For the broader strategic context on multi-model routing in 2026, see the aithority overview of multi-model routing and the LMSYS Arena leaderboard for current model rankings. For a Swfte-specific analysis of recent leaderboard movement, see LMSYS Arena Leaderboard May 2026.

Implementation Patterns and Gotchas

A handful of implementation details determine whether a routing layer is a 90% cost reduction in production or a 90% cost reduction on a dashboard while the actual bill stays flat. The list below is the consolidation of two dozen production deployments observed between Q1 2025 and Q2 2026.

Tokenizer drift. Different model families count tokens differently. A prompt that is 800 tokens in GPT-5.5's tokenizer might be 850 in Claude's and 920 in DeepSeek's. The router's cost estimate has to use the actual destination tokenizer, not a single canonical one, or the cost projections will be off by 5-15%.

Output-length skew. Cheap models often produce longer outputs than strong models for the same prompt - they are less concise. The output-token cost on a cheap-routed request can be 30-50% higher than naive math suggests. Calibrate from real traffic, not from input prompts alone.

Verifier asymmetry. The cascade verifier is the most underspecified component in most deployments. A loose verifier (e.g., "any non-empty answer passes") destroys the quality floor.
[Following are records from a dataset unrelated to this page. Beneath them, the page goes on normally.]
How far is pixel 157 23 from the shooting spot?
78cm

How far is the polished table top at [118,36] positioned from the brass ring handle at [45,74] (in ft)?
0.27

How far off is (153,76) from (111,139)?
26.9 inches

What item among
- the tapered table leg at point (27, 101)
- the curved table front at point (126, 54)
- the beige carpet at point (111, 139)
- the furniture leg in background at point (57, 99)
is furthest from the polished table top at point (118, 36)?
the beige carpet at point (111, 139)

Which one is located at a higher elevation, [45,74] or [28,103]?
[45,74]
A tight verifier (e.g., "schema-validated, three-self-consistency-pass") inflates verification cost above the savings. Tune the verifier on a held-out set with quality-graded ground truth.

Provider rate-limiting. When the cascade or MoR escalates a burst of requests to the strong model, the strong provider's per-minute rate limit becomes the bottleneck. Provision capacity at the burst rate, not the average rate, and have a fallback to a second strong provider (Gemini 3.1 Pro is the popular alternate to GPT-5.5).
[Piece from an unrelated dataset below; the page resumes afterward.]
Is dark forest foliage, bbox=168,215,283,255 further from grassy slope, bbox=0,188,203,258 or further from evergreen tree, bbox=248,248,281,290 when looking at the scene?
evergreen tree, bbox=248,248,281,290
Router model staleness. Routers trained on March 2026 traffic will degrade by July 2026 because the model landscape itself shifts - prices change, new models launch, capability rankings move. Schedule a quarterly retrain. The training data should come from the gateway's own logs, with a quality-judge model providing labels.

Streaming and cancellation. Speculative-race only works if both inference calls can be cancelled. Some providers charge for partial completions; some do not. Read the contracts carefully or the speculative cost will exceed the latency benefit.

Cold-start cost. A new tenant has no semantic-cache history and no router-calibration data. The first 10,000 requests from a new tenant are typically routed to a conservative default (the strong model) until enough traffic accumulates to calibrate. Budget for this.

Observability. Without per-technique logs, the gateway is opaque. At minimum, log per-request: the router's decision probability, the verifier's pass/fail, the cache hit/miss, the destination model, the actual cost, and the actual latency. Aggregate weekly to detect drift.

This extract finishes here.